Today we met our good friend Carolyn at Rocky Neck to take our family picture for our Christmas cards.  It is difficult to get everyone looking in the same direction and smiling at the camera at the same time, especially the dog.  My fingers are crossed that we have at least one good picture.  It was a warm, beautiful day.  Nick suggested that next year we take the picture during the summer, but we could not have asked for better weather.
Carolyn is a saint for agreeing to help us with this endeavor every year.
 
 
The beach provided a stunning backdrop.  Jack just wanted to play in the sand.
 
  
 
 
This afternoon, I  dropped Nick off at the train station.  He is on his way back to school.  It was so nice having him with us.   While he was here, Vivi kept asking him: “what are you doing here?”  When he was getting ready to leave, she was visibly sad and gave him a big hug.  This has been a big transition for all of us.  As hard as it is to send him back to college, he is doing great. He is involved with many groups and activities, he is enjoying his classes, he is happy.  I am thankful that his college career is off to a good start, and that we were able to have a few days with him.   Many thanks to my dad for retrieving Nick on the other end and bringing him back to campus.
Nick will be back home in a few weeks for Christmas break, something to which we are all looking forward.  Before the break, he will have to get through his first set of final exams, auditions for the shows for next semester, and three performances of “High School the Musical.”  He is playing Chad in an off-campus production.  He has a lot on his plate, but we know he will do amazing! 
We love you, Nick.  Break a leg!

Tuesday, November 25, 2014

Thank You for Listening

I am in St.
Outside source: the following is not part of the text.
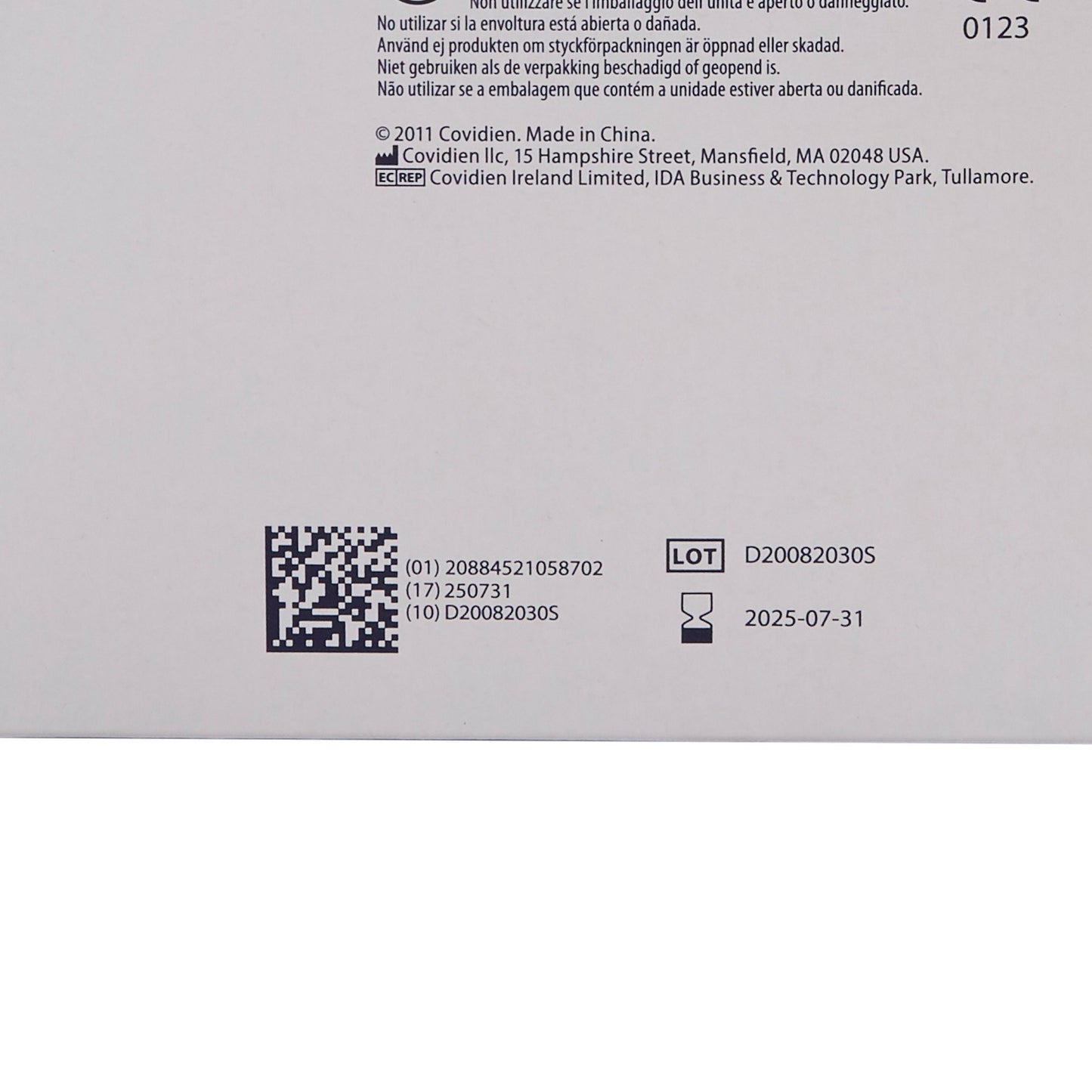 Curity™ Sterile USP Type VII Gauze Sponge, 4 x 4 Inch, 8-Ply 2187-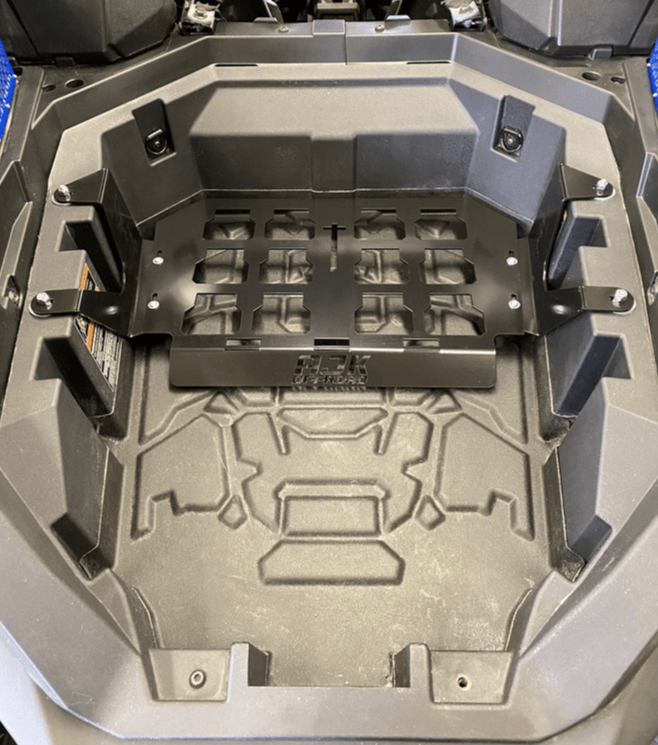 Polaris RZR Pro R Packout Mount — Polaris RZR PRO R Packout Mount by AJK Offroad Base Installed with no Kits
Louis.
I have really struggled with what to write, if anything.  I’m not sure I have anything meaningful to add to this conversation that has not already been said.  My very good friend and colleague reminded me at 4:30am (I couldn’t sleep anyway), that as a white woman with higher education and arguably access to many opportunities, I have a responsibility to say something.  So here are my thoughts on the situation in Ferguson.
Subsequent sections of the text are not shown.